One of the hottest investment areas of recent times is now feeling a little chilly. Earlier this year, Lineage, an aggregator of cold-storage warehouses around the world, went public in the US raising $4.2bn. Cold storage had become a darling of Wall Street with private credit and infrastructure private equity funds, such as Blackstone, targeting the sector for solid and predictable returns less prone to recessions. Lineage itself had an interesting story, with its founders meeting as junior trainee bankers at Morgan Stanley 25 years ago.
The pair eventually started acquiring warehouses, one by one, spending more than $10bn in capital to create a freezer empire. Today, Lineage has more than 500 facilities across the globe. It boasts an enterprise value north of $20bn, with each of the founders billionaires.
However, shares of Lineage are down a quarter from their summer IPO price. Shares in rival Americold have also cooled, down 29 per cent for the year. Suddenly, these supposedly stable toll collectors that Wall Street likes to tout do not look so reliable.

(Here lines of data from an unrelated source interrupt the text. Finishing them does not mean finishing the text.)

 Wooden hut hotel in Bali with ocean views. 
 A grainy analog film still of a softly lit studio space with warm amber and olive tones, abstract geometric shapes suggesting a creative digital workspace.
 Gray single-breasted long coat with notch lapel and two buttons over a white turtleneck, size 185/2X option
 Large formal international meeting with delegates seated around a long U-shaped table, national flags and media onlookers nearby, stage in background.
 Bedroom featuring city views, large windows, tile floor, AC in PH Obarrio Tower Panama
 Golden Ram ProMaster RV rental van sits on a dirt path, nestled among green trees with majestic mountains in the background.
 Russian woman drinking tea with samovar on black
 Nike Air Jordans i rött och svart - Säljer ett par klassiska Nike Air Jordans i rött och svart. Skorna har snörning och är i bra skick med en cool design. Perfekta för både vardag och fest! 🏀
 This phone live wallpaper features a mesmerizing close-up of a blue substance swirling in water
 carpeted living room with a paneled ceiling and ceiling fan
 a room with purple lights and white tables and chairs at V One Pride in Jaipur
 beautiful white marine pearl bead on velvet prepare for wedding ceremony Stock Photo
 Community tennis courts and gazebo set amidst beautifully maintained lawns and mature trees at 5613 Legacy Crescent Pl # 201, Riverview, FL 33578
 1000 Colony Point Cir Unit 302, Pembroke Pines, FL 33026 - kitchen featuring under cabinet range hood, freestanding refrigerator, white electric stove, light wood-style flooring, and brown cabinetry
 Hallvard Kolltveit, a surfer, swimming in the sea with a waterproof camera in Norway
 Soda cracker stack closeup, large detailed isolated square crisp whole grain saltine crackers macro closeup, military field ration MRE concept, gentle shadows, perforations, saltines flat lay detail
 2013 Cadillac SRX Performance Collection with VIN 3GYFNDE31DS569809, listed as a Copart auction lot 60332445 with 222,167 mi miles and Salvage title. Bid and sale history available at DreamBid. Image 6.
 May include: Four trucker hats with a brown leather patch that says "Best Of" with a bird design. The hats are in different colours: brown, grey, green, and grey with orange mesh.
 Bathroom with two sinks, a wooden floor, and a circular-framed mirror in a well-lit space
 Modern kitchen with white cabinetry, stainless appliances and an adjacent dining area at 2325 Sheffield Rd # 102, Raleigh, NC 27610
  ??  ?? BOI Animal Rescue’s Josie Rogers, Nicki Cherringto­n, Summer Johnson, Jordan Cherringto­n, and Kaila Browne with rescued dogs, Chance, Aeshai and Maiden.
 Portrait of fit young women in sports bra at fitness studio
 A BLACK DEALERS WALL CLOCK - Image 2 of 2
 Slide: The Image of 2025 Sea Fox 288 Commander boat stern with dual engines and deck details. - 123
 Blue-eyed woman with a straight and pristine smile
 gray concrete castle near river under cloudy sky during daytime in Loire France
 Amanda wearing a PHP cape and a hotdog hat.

Lineage is organised as a real estate investment trust (Reit), a structure that avoids corporate tax as long as most earnings are paid out to shareholders as dividends. The company’s thesis is that cold storage has historically been fragmented and that centralised ownership could create efficiencies that had not existed before. With rising incomes and living standards, meat and seafood consumption will rise over time, creating a consolidation opportunity. And while Lineage is focused on food, cold storage for life sciences has also attracted investor dollars.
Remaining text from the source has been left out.